Non sanno che cosa significhi essere liberi di partire e di spostarsi da una terra all’altra, senza padroni e senza costrizioni. Senza confini.
Di nuovo il fischio del treno. Le mie gambe si muovono da sole e inizio a correre verso i binari: mi piacciono i treni, così grandi, possenti, e da grande, se non lavorerò il ferro e il rame come mio padre e come mio nonno, guiderò uno di questi bestioni e invece di un carrozzone di legno ne avrò uno di ferro, lamiere e bulloni.
Mi fermo alla giusta distanza dai binari proprio nel momento in cui il treno sta passando. Chiudo gli occhi e stringo i pugni. E rido. È bellissimo sentire l’aria gelida che ti frusta la faccia e le ossa che tremano al passaggio di tonnellate e tonnellate di metallo lucente.
All’improvviso sento una mano sulla spalla: è mio padre, che mi guarda severo.
Ho paura che mi arrivi un rimprovero, invece mi dà un buffetto sulla guancia e mi chiede se voglio accompagnarlo in paese per alcune commissioni.
Mano nella mano attraversiamo i binari. Pochi passi e siamo sul viale che porta alla piazza grande del paese, quella con una fontanella dove l’acqua esce da una testa di drago.
Camminiamo a ridosso dei muri delle case che contornano il viale. Ogni tanto lancio uno sguardo verso mio padre: è alto e forte e accanto a lui non ho paura di nulla.
A un tratto, dalla nostra destra, delle grida.
Mi volto e, dall’altra parte della strada, vedo un gruppo di gagé che ci indicano, urlando.

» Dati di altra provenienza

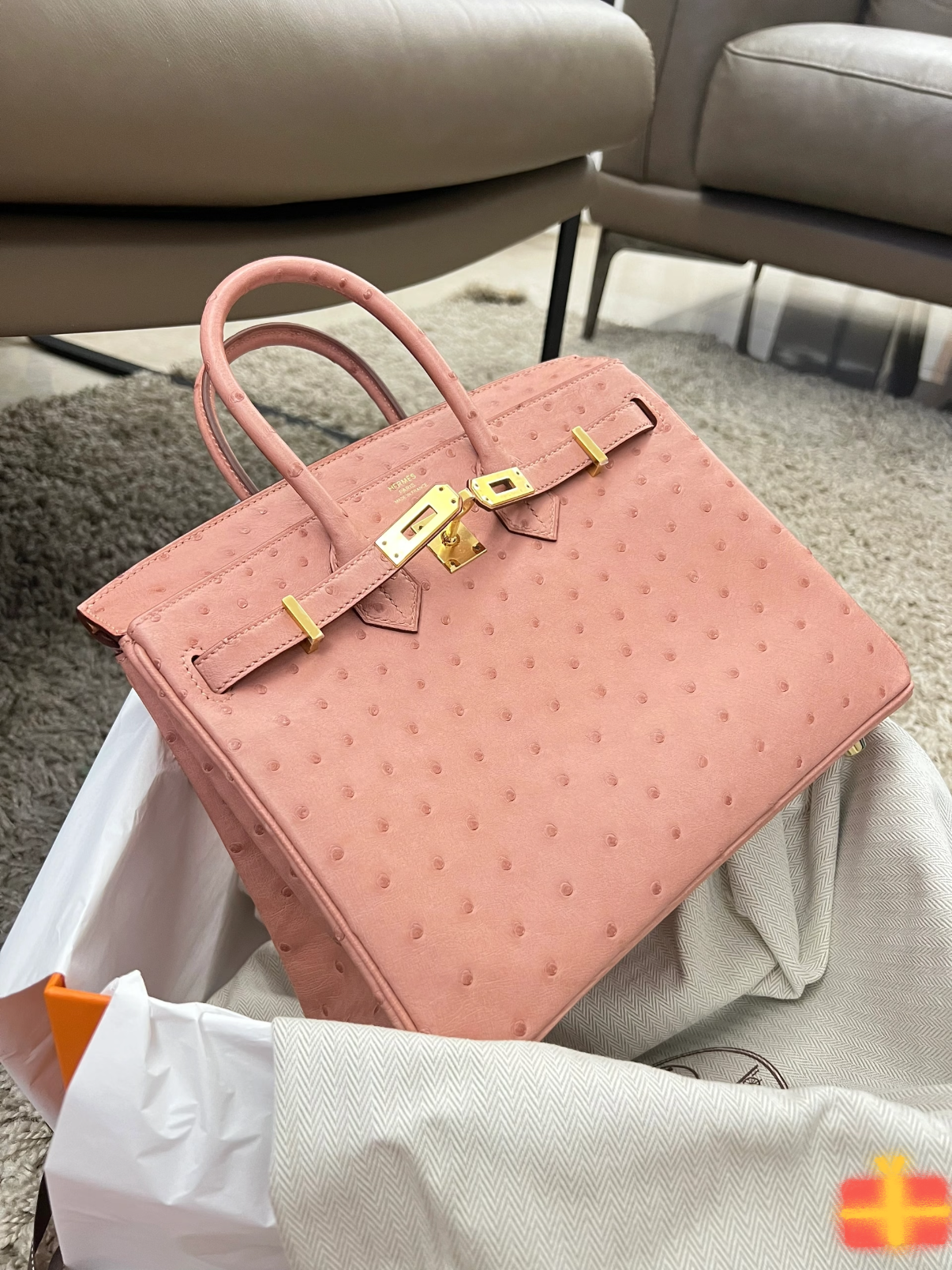 Ostrich skin Birkin 35cm full handmade（Only one)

Io lo so chi sono: sono quelli della Brigata Nera e mio padre mi dice sempre di stare alla larga dai briganti neri. Ci odiano, a noi nomadi.
Guardo mio padre, che mi stringe forte la mano: forse dovremmo tornare al campo.

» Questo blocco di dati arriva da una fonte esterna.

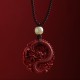 Dragon Cinnabar Hetian Jade Wealth Necklace Dragon Cinnabar Hetian Jade Wealth Necklace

Poi sentiamo di nuovo quelle grida. Uno di loro sta scommettendo con gli altri briganti e vuole dimostrare a tutti di avere una buona mira. Vuole provare le armi nuove, vuole verificare quanto siano efficaci.
Così estrae dal fodero la sua pistola e urla “bisognerebbe ammazzarli tutti!”.
Poi prende la mira, mi punta e fa fuoco.
E mi colpisce alla testa.

Io, Mustafà Abdalla, nato il 18 maggio 1934, muoio in una fredda domenica di novembre, per l’esattezza il 19 novembre 1944.
Muoio al numero 26 di viale Giulietti, in un piccolo paese dell’ Oltrepò che si chiama Casteggio.
Muoio con un colpo di pistola alla testa, per mano di un fascista della Brigata Nera.
Nessuno poserà mai una lapide sul luogo del mio assassinio.
A ricordarsi di me e della mia breve vita rimane la tomba al cimitero fatta posare dai miei genitori.
Il mio omicida rimarrà impunito fino alla fine della guerra, quando verrà giustiziato sulla pubblica piazza.
La sua famiglia rimarrà a vivere in paese, rispettata da tutti.
Nessuno ha mai chiesto scusa ai miei genitori.